Варвар, как и его предшественник, человек массы, «не желает ни признавать, ни доказывать правоту, а намерен просто-напросто навязать свою волю». Главный способ политического действия варвара – насилие. Поэтому демократические институты западных обществ под угрозой – от них варвары могут либо совсем отказаться из страха перед большинством, либо выхолостить, оставив сугубо формальную оболочку. Подлинная политическая философия варварства – прямое действие толпы исходя из целесообразности текущего момента.
Каково будущее варварства?
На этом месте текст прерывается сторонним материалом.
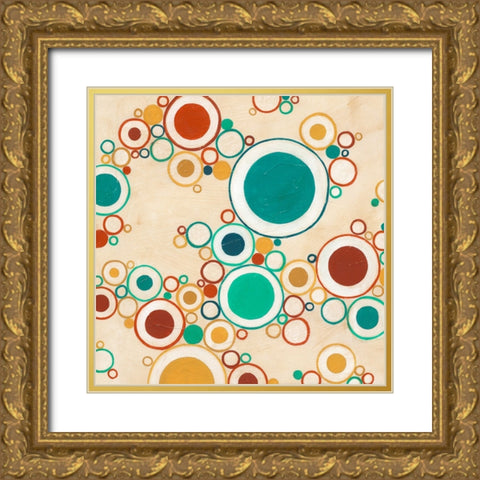 Molecular Landscape I Gold Ornate Wood Framed Art Print with Double Matting by Vess, June Erica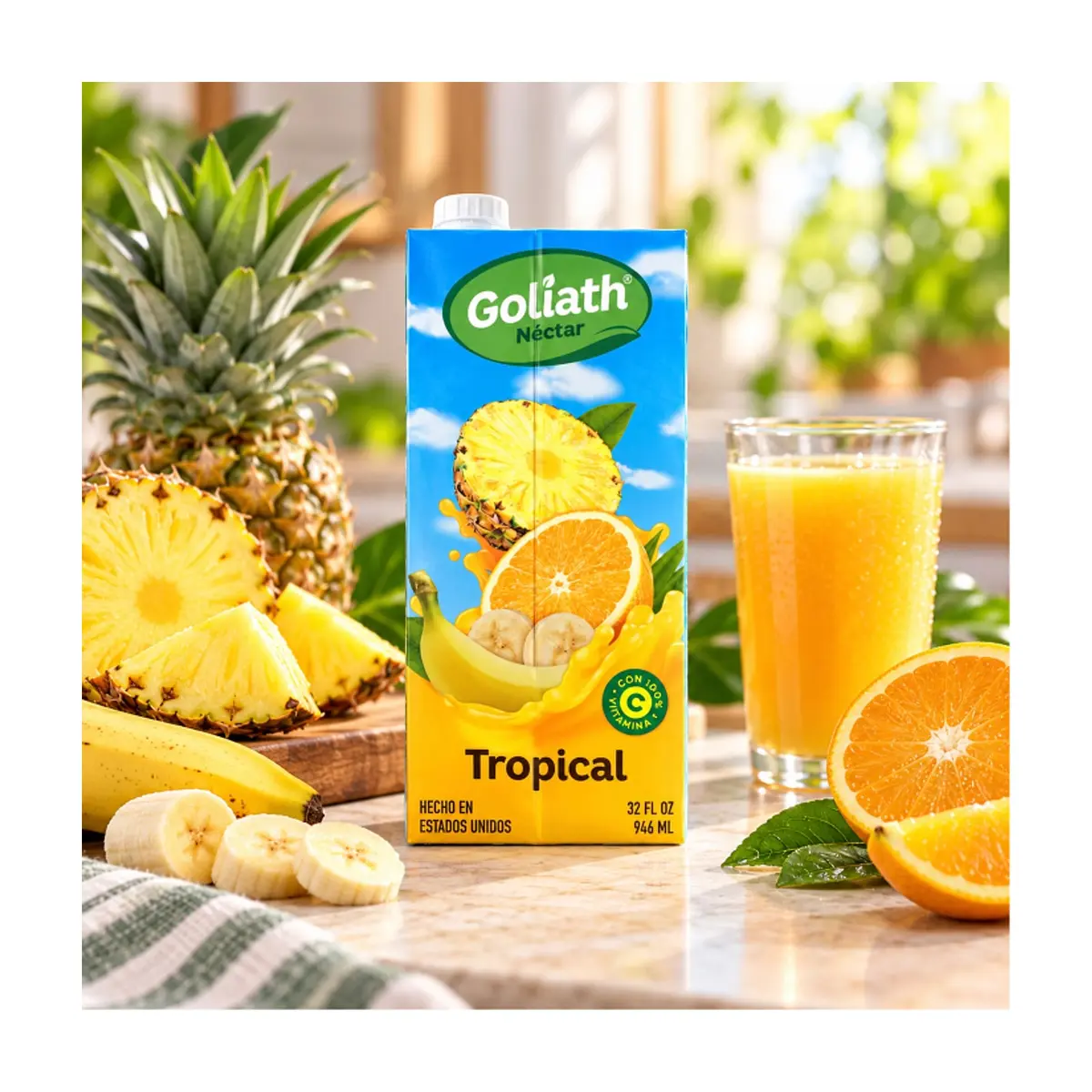 Néctar sabor tropical Goliath (946 ml / 32 oz) - Thumbnail 4
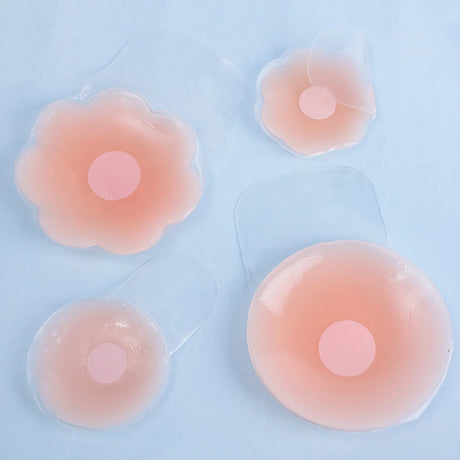 Women Lift Up Invisible  Reusable Self Adhesive Silicone Breast Lift Tape Nipple Cover Chest Paste Push Up Party Dress Bras
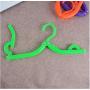 10pcs Random Color Fold Plastic Hook Fold Hanger Clothes Pegs Laundry Product Travel Space Saving Wardrobe Cloth Hanger Foldable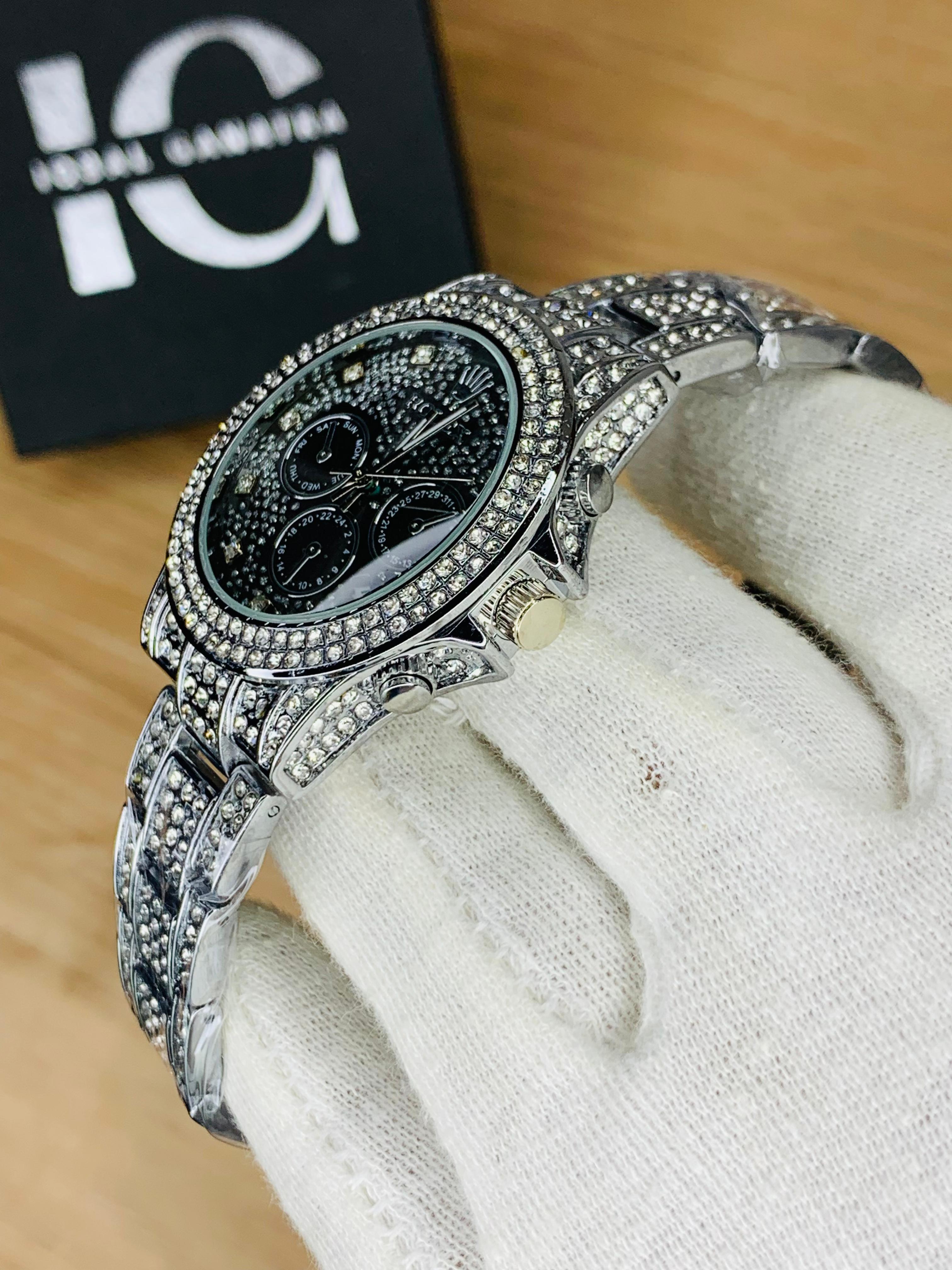 Branded Ice Stone (Silver Black)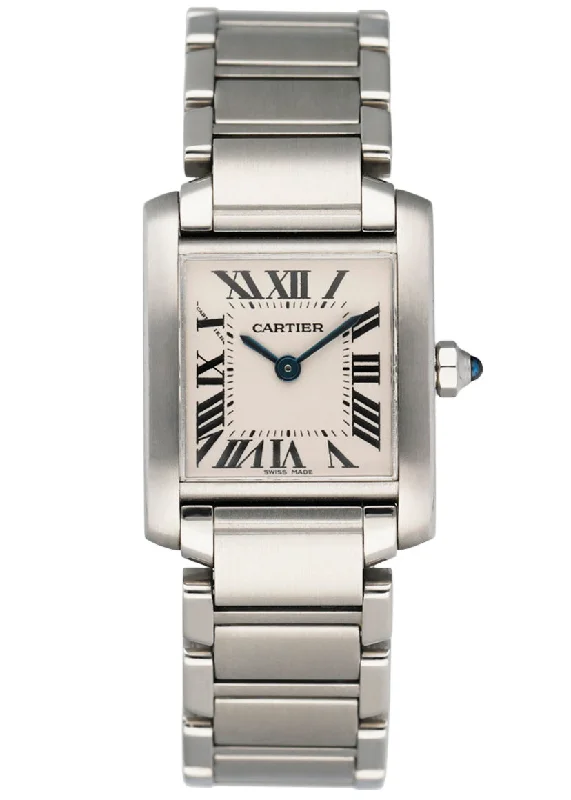 Explore the Best Cartier Watches for Investment –Cartier Tank Francaise 2384 Stainless Steel Ladies Watch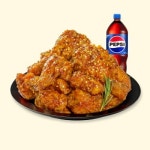 [선물하기] 자담치킨 왓더핫치킨+콜라1.25L : BCON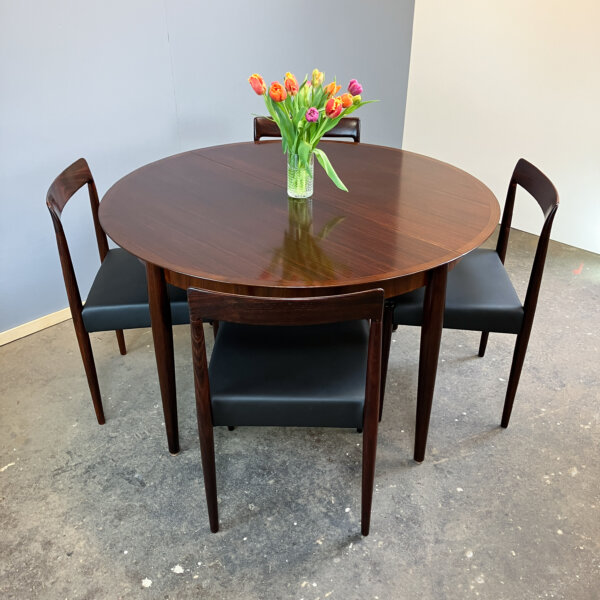 Ausziehbarer Esstisch Von Luebke Palisander 60er Jahre 6 Mid-century Modern Design Style Retro Furniture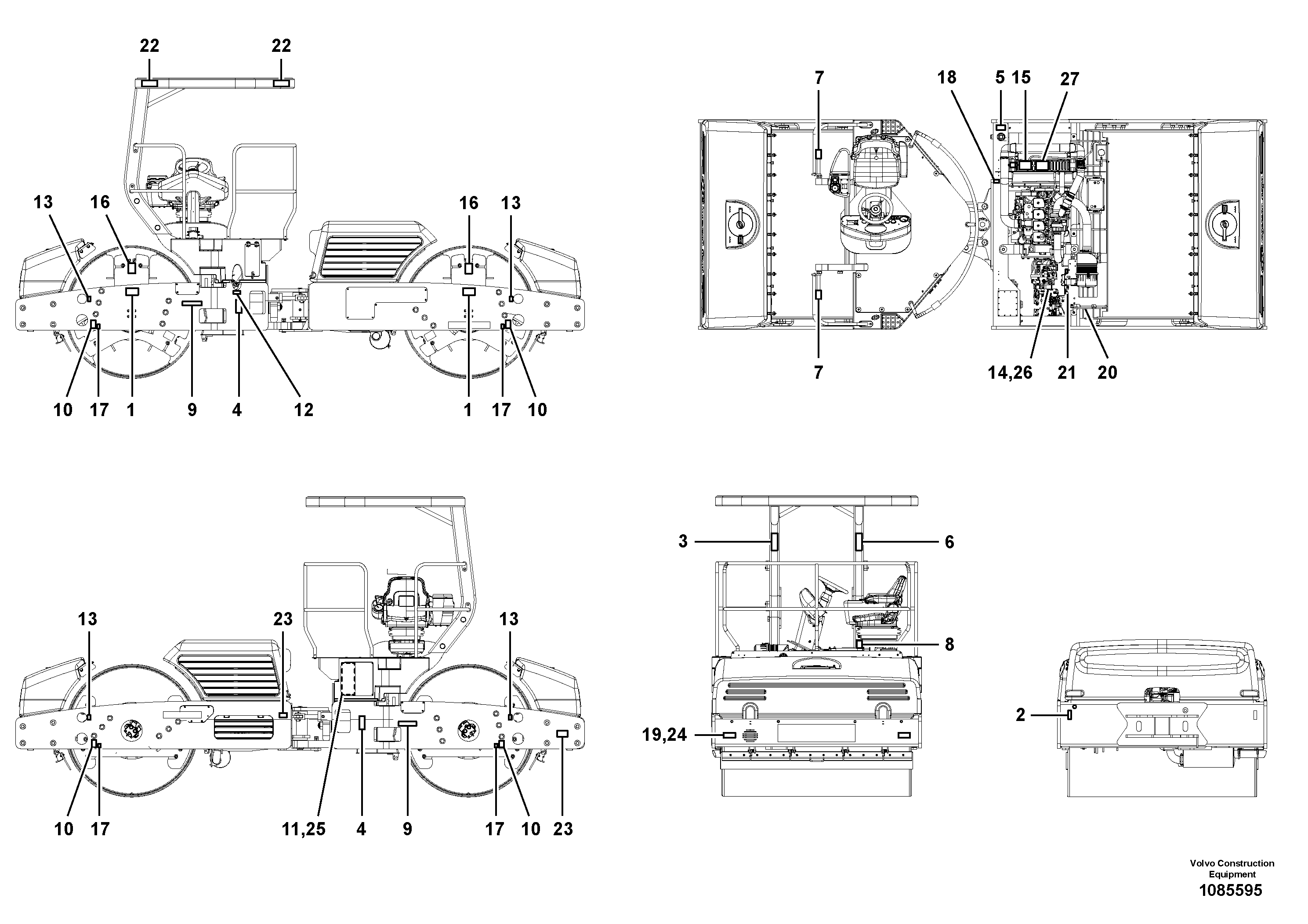 Cylinder Block VOE12789024 VOLVO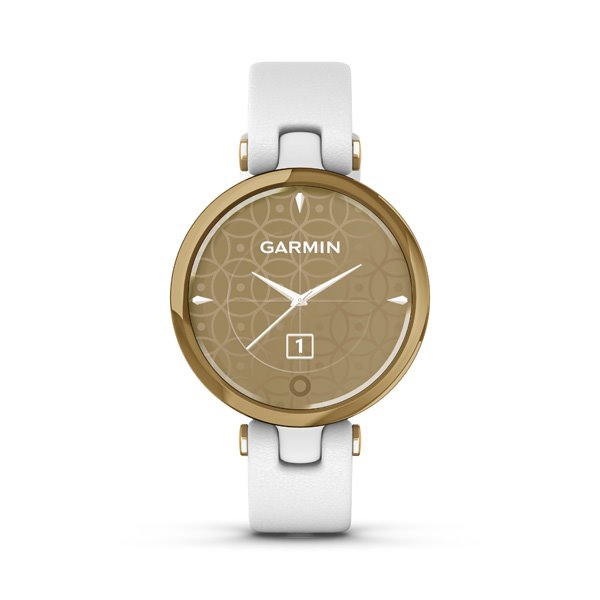 Garmin Lily Classic smart hodinky, zlatá/biela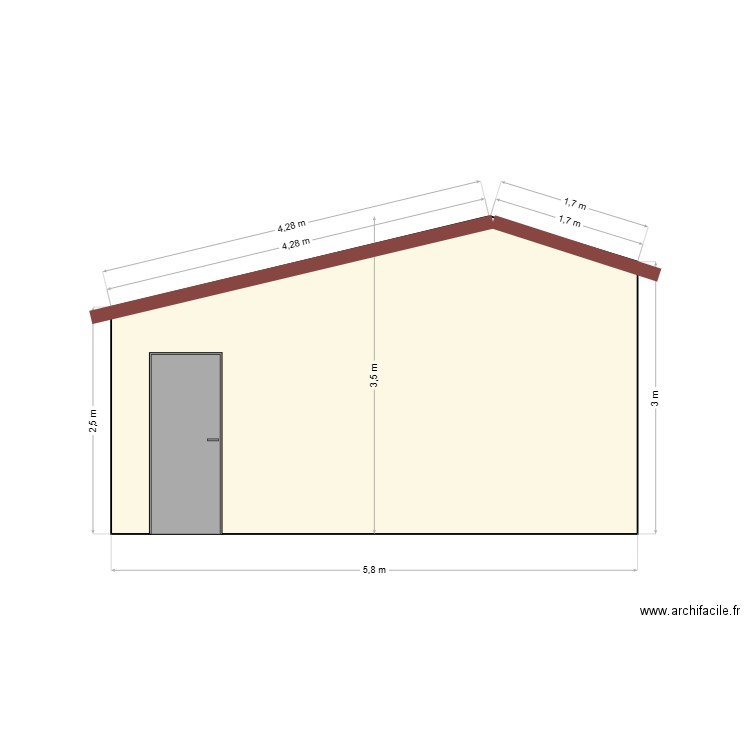 annexe FACADE SUD. Plan de 0 pièce et 0 m2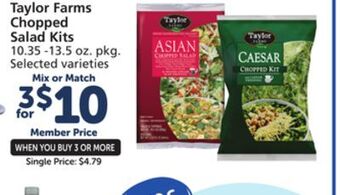 Albertsons Taylor farms chopped salad kits offer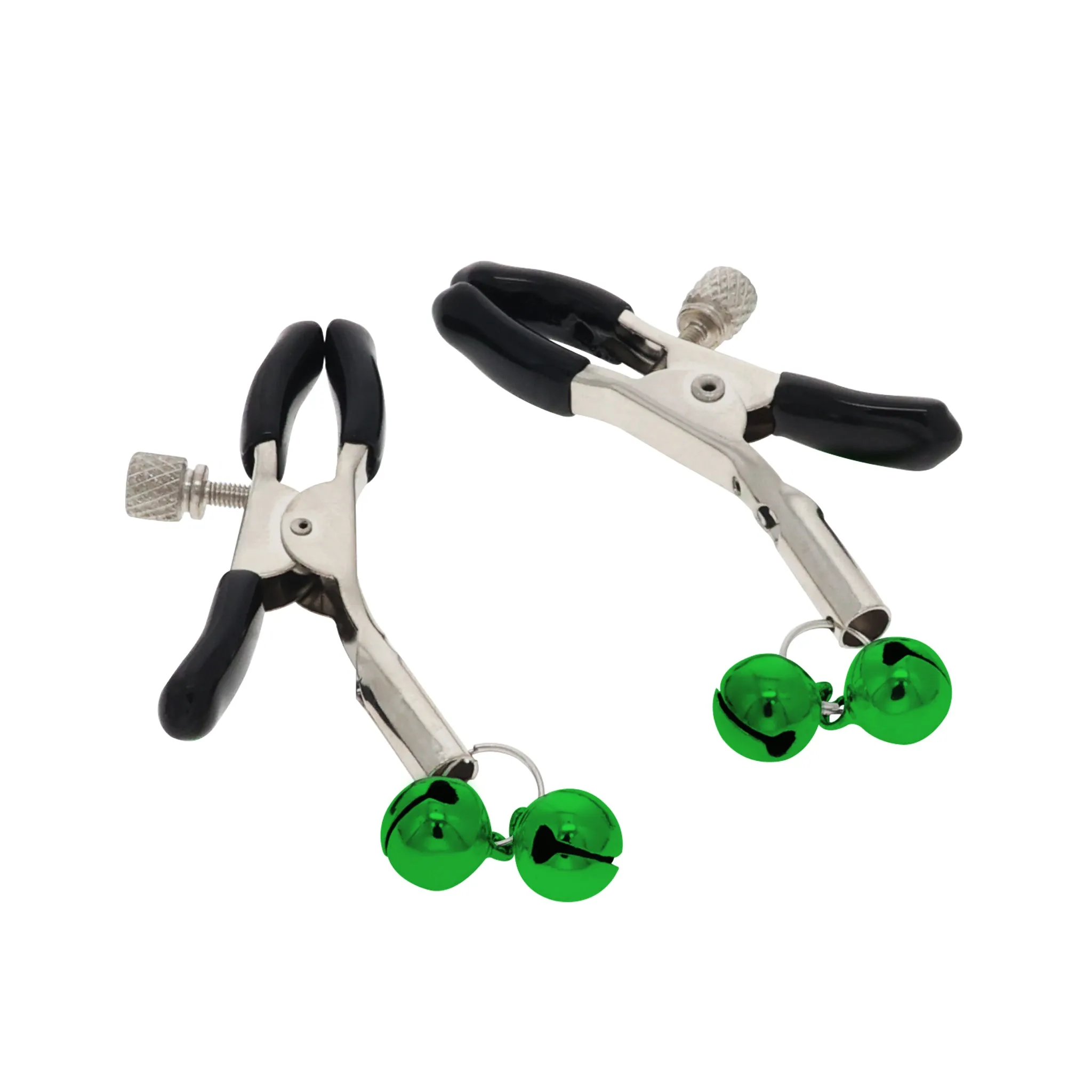 EROGENOUS ZONE ADJUSTABLE NIPPLE CLAMPS W/ SILVER BELLS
Если восстание масс привело западную культуру к кризису, но сохранило цивилизацию, то восстание варваров угрожает и цивилизации. Отказ от культурной и исторической преемственности, на которой зиждется последовательное цивилизационное развитие, это своего рода разрушение фундамента, после чего и стенам с крышей не устоять. Ведь каждый элемент материальной цивилизации несёт в глазах варвара печать чужой истории, точно так же, как каждое техническое приспособление несёт в себе отблеск картины мира, внутри которой его изобретение в принципе возможно. Отказ от одного влечёт постепенный отказ от другого. И даже если на месте разрушенной цивилизации быстро возникнет новая, с иным культурным и этическим кодом, у неё будет иная идентичность. Поэтому борьба с современными варварами – это борьба за сохранение собственной идентичности.
К примеру, национальной. «Те единства, что до сих пор именовались нациями, – пишет Ортега-и-Гассет, – приблизительно век назад достигли своего апогея. С ними нечего больше делать, кроме одного – преодолеть их». Вероятно, нынешнее восстание варваров и есть наглядное и окончательное преодоление наций современного Запада в пользу формирования нового, уже небелого человеческого субстрата. Так же, как сами эти нации сформировались из субстрата, образованного варварским преодолением римского господства и римской имперской идентичности. Правда, для этого пришлось пережить несколько тёмных веков раннего Средневековья. Ведь тьма – неизбежная плата за лёгкость и историческую безответственность бытия варвара.